Andreotti si è offerto di cedergli il posto di presidente del Consiglio,
ma lui ha valutato che il suo progetto di inclusione del Pci nella
maggioranza avrebbe avuto maggiori possibilità di successo se a Palazzo
Chigi fosse rimasto un uomo della destra cattolica, scettica verso il
compromesso storico e quindi bisognosa di essere tranquillizzata.
Quel
giorno, Moro partecipa alla riunione dei gruppi parlamentari della Dc,
il partito che da oltre trent’anni governa il Paese.
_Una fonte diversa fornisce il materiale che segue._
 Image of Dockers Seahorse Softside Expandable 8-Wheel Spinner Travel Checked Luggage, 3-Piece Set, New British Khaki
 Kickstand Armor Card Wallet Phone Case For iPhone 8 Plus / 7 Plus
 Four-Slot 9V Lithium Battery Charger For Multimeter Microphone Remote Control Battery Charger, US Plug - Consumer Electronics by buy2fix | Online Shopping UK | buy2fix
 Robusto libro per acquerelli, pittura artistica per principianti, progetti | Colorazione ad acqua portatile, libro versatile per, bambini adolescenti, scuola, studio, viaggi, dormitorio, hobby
All’ingresso un
giovane cronista che ha già cominciato a costruire il più formidabile
archivio del giornalismo italiano, Filippo Ceccarelli, tenta di farlo
aprire con il più vago degli approcci: «Presidente, lei parlerà?». Moro
risponde inclinando la testa e sorridendo rassegnato, una di quelle
movenze languide e un po’ levantine da cui i suoi numerosi nemici
traevano un’impressione di debolezza e inconcludenza: «Eh così, andiamo
un po’ a sentire…». In realtà Moro ha preparato un discorso che si
rivelerà insieme il suo capolavoro e il suo testamento politico.
Il
nuovo libro di Marco Damilano — Un atomo di verità. Aldo Moro e la fine
della politica in Italia (Feltrinelli) — offre davvero molti spunti.
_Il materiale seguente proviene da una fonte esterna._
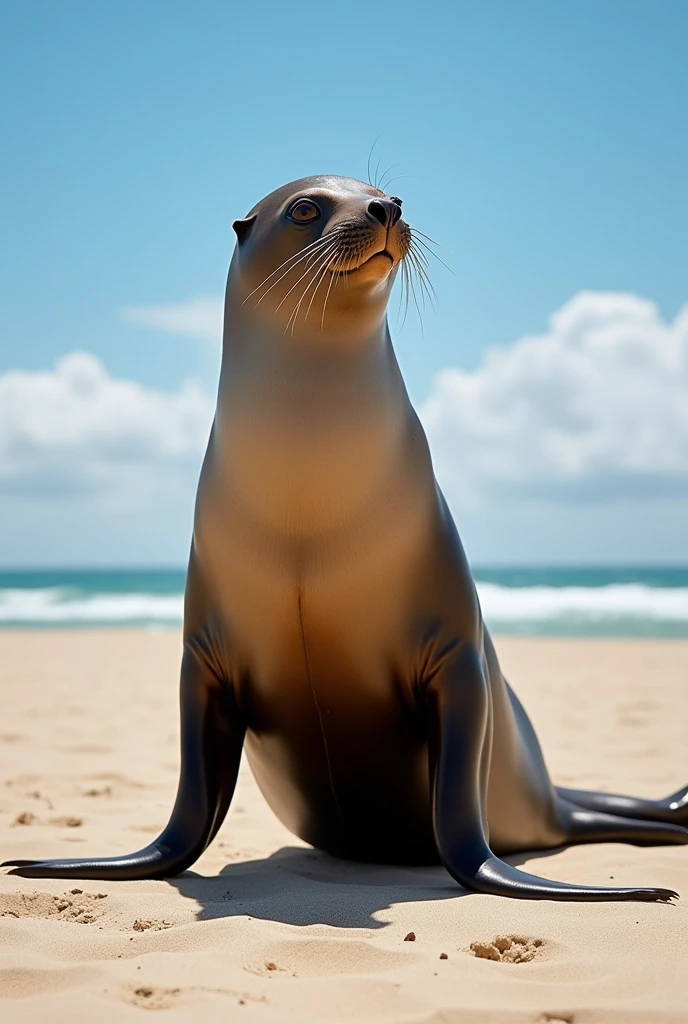 A sea lion stands on a sunny sandy beach, basking in the sunlight.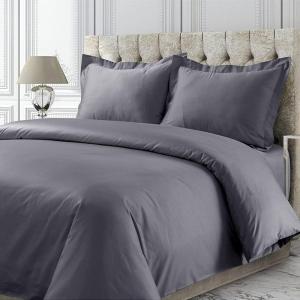 imageTribeca Living Cotton Queen Duvet Cover Set 750 Thread Count 3 Piece Set Includes Plain Oversized Queen Duvet Cover ampamp Two Sham Pillowcases WhiteGrey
Intanto è decisamente ben scritto. Si apre con una pista personale:
nella primavera del 1978 l’attuale direttore dell’«Espresso» è un
bambino di dieci anni, che ogni giorno passa da via Fani sullo scuolabus
guidato da una bella signora bionda, la direttrice della Montessori,
dove tutti devono fare tutto. E Aldo Moro è il primo politico che ha
visto: gliel’ha mostrato il padre, inginocchiato in chiesa. Il percorso
sulle orme del presidente democristiano conduce, alla fine del libro,
nell’austero cimitero di Torrita Tiberina, a picco sul Tevere, dove Moro
riposa. L’ossatura del libro è costituita dalle carte, spesso inedite,
custodite nell’archivio Flamigni. È straordinario come una vicenda tanto
scavata lasci ancora trapelare coincidenze al limite dell’incredibile e
troppi punti ancora da chiarire, dalla strage di via Fani alla mano
dell’assassino (Gallinari? Moretti? Maccari? O il legionario De Vuono?).
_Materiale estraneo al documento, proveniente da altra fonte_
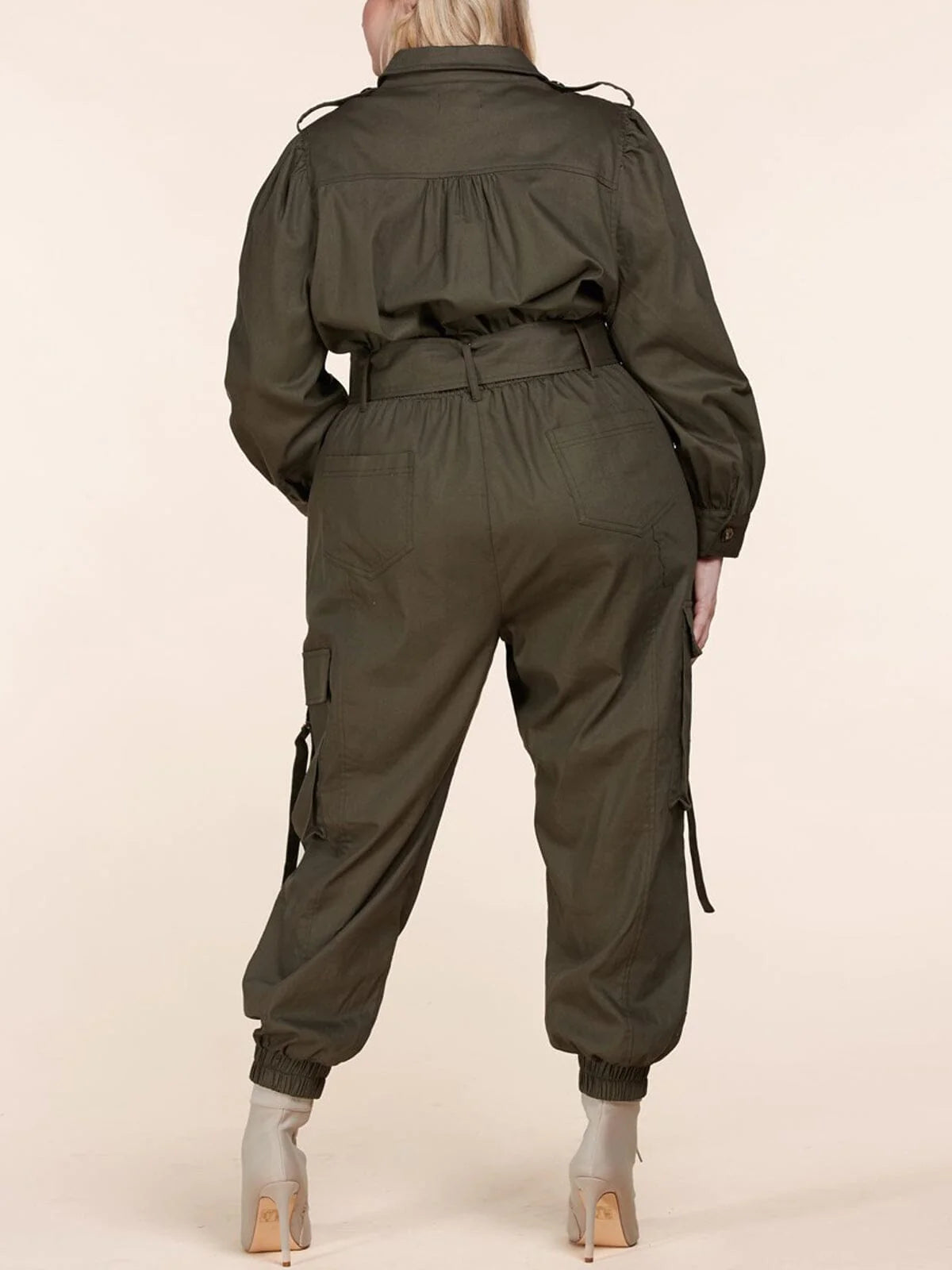 Long Sleeve Button up Cargo Pocket Jumpsuit in CURVY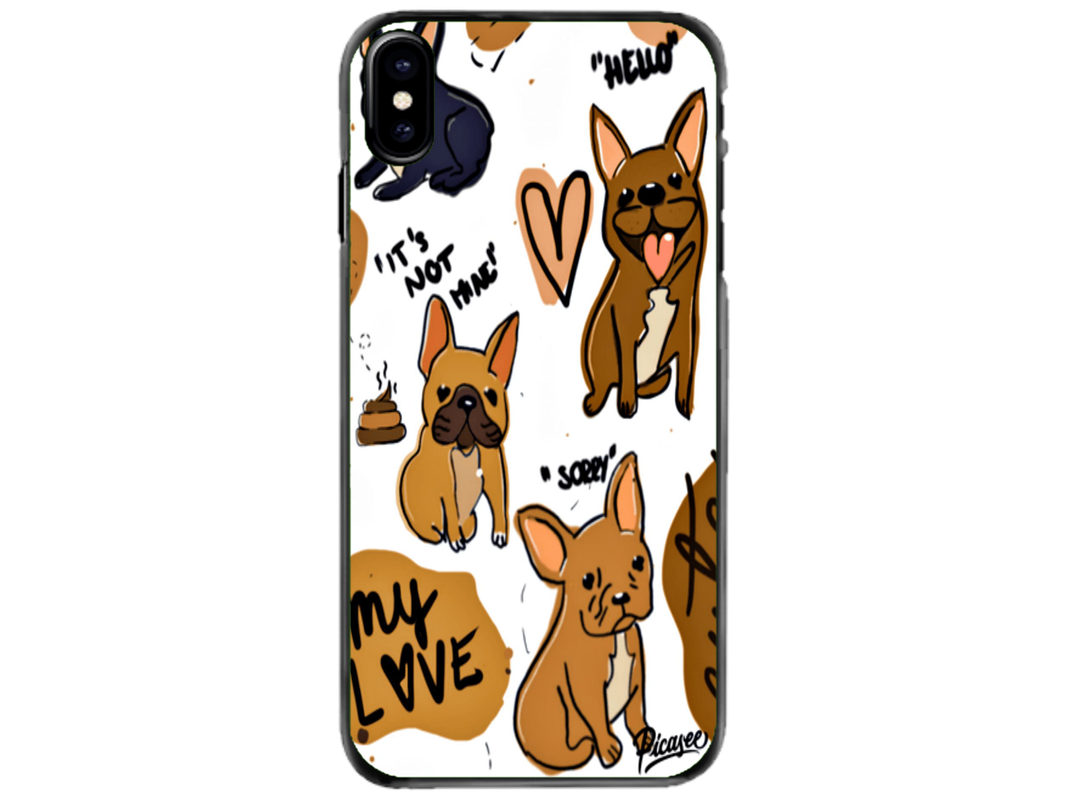 Husa Silicon HQCover compatibila cu Apple iPhone XS, model Dogs, rezistenta la socuri si zgarieturi, SP1M00042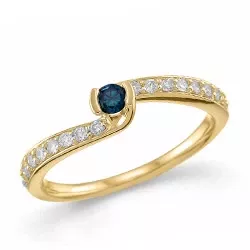 blå safir diamantring i 14  karat guld 0,24 ct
Ora spunta una foto inedita con Moro, Piersanti Mattarella e Mino
Pecorelli: tutti assassinati. Ora emergono dettagli che solo una
metropoli come Roma — capitale della politica, della cristianità e pure
dello spettacolo — può custodire: testimone del massacro della scorta
Moro è il giovane Francesco Pannofino, l’attore; a riconoscere
indisturbato a Trastevere il brigatista Casimirri è il padre di
Jovanotti, Mario Cherubini, della gendarmeria vaticana; e si potrebbe
aggiungere Piera Degli Esposti seduta per caso in via Caetani, in attesa
del suo impresario, sul cofano della Renault rossa che cela il corpo
della vittima.
Ma Damilano è un giornalista politico. E fin dal
sottotitolo il libro spiega come la morte di Moro coincida non solo con
la crisi del terrorismo rosso e con l’inizio della fine di Dc e Pci, ma
anche con il declino della mediazione politica. Lo psicodramma di questi
nostri giorni, con leader palesemente impreparati sul piano culturale e
forse anche umano, è il seguito di una tragedia nazionale cominciata
quarant’anni fa.
Quel 28 febbraio Moro invita gli uomini del suo
partito a guardare fuori dal Palazzo, a rendersi conto dell’«emergenza
reale che è nella nostra società. Io credo all’emergenza, io temo
l’emergenza. La temo perché so che c’è sul terreno economico e sociale.
Credo che tutti dovremmo essere preoccupati di certe possibili forme di
impazienza e di rabbia, che potrebbero scatenarsi nel contesto sociale».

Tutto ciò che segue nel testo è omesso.